Word Counting in C++: Parametrizing the Type of Case

Published October 19, 2018 - 9 Comments

In our first step implementing a word counter in C++, we wrote code that could extract the words inside of a piece of code. In the second step, we changed that code so that it extracted individual words inside of camelCaseSymbols (and also of PascalCaseSymbols), losing the previous feature of counting entire words.

Today, we are going to make the code able to do either type of extraction, entire words or words inside of camel case symbols. This will make us practice two aspects of writing expressive code:

avoiding code duplication,
designing a clear API to choose between various treatments (here, between entire words and camel case).

The reason why we’re building a word counter in the first place is that counting words can reveal useful information about a piece of code, and also because implementing it is an instructive project to improve our coding skills in C++.

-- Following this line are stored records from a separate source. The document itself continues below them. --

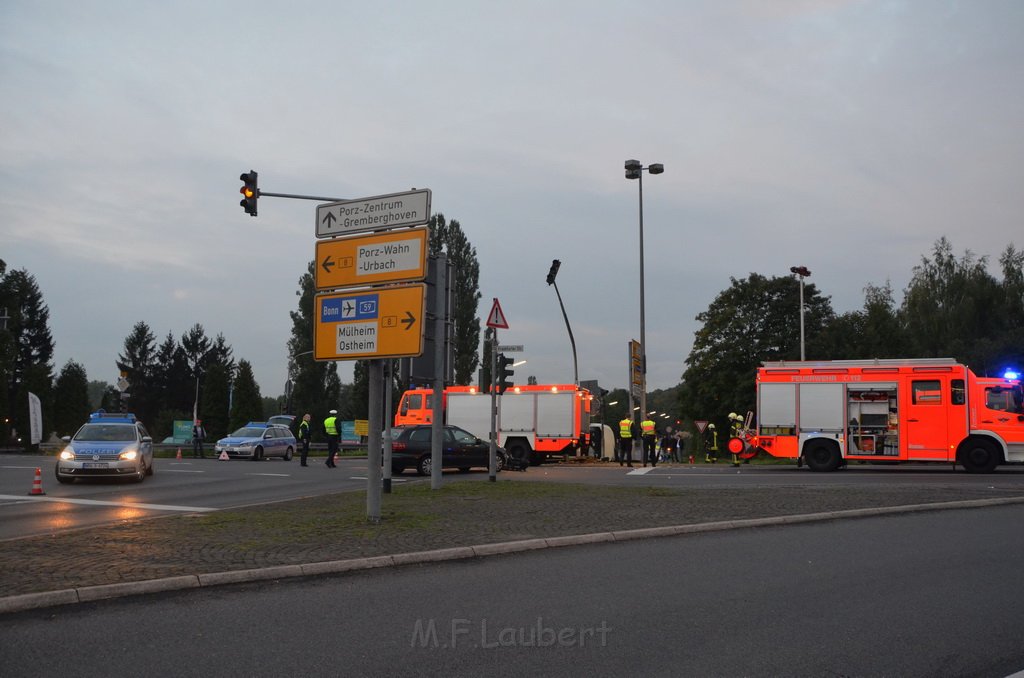 Schwerer VU Koeln Porz Gremberghoven Steinstr Frankfurterstr P082.JPG - Miklos Laubert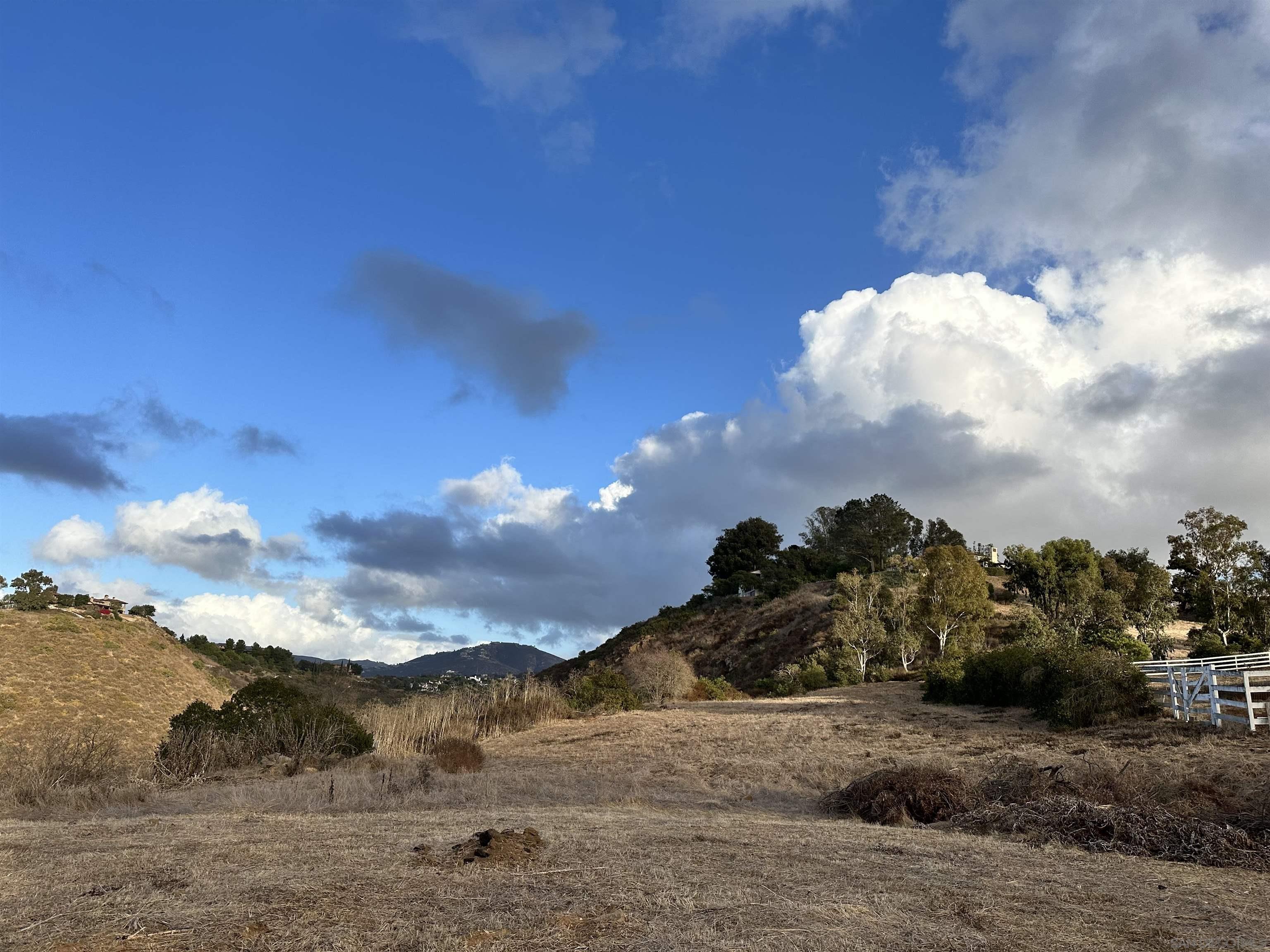 Front Image Thumbnail for SD260008892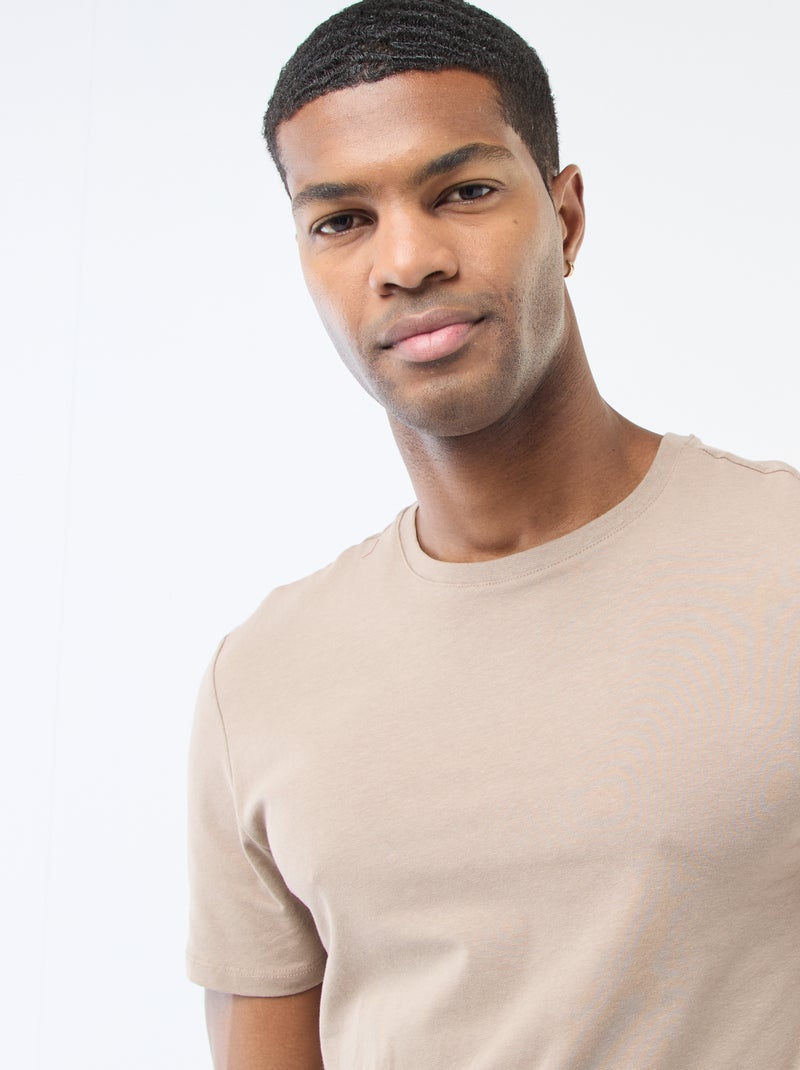 T-shirt lisa  - Slim fit  - Bege - Kiabi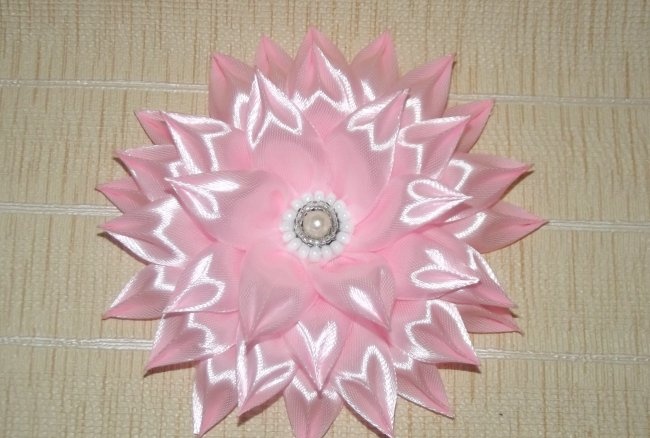 Dahlia made of satin ribbons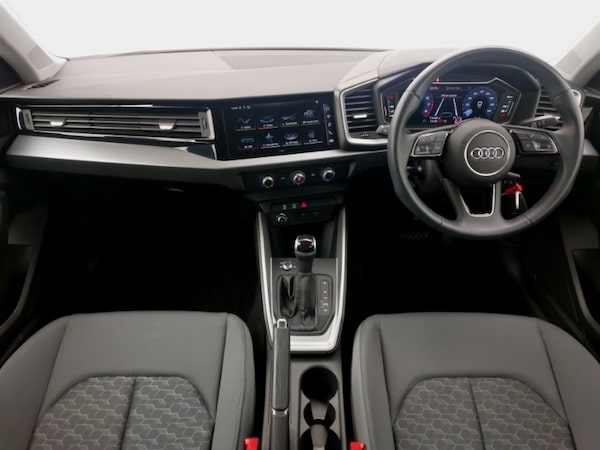 Used Audi A1 2023 for sale - 76269046: Photo 2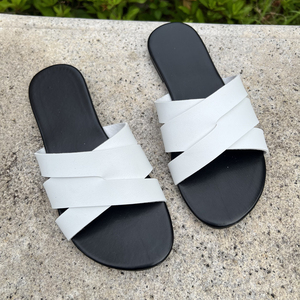 Nouvelles sandales plates décontractées pour femme, style minimaliste, avec lanières croisées, polyvalentes pour l'extérieur, idéales pour l'été - Product Image 5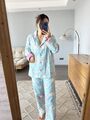 Geschenk für Sie luxuriöser Damen Pyjama aus gebürsteter Baumwolle mit eleganten Blumenmotiven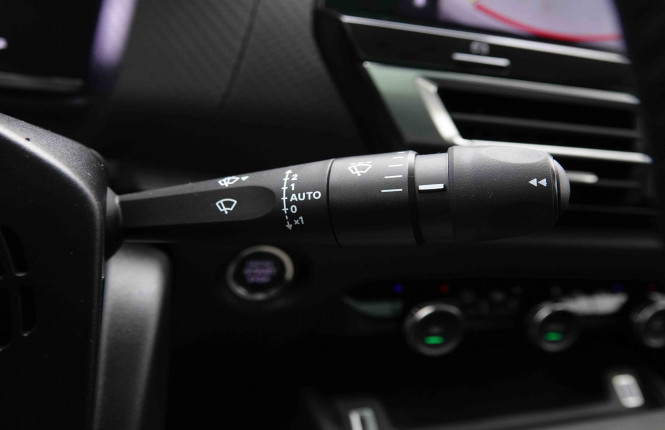 CITROEN_CITROEN_C4_2550937_17.jpg CITROEN_CITROEN_C4_2550937_17.jpg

Summary of the previous episodes

In the first version of the word counter, we went for the quickest solution to have a working prototype. For this, we used Boost Split to extract entire words, even though it wasn’t the most adapted tool for our purpose, as it needed a second pass to remove the empty words:

auto symbols = std::vector<std::string>{};
boost::split(symbols, code, isDelimiter);
symbols.erase(std::remove(begin(symbols), end(symbols), ""), end(symbols));

Where isDelimiter is a function that determines whether a given character is a delimiter, meaning that it cannot be part of a C++ name:

bool isDelimiter(char c)
{
    auto const isAllowedInName = isalnum(c) || c == '_';
    return !isAllowedInName;
}

C++ names are made of alphanumerical characters and underscores. Other characters (brackets, ., -, >, +, spaces, etc.) are delimiters. And in code with several delimiters in a row (like with ->), that leads to empty words (between - and >)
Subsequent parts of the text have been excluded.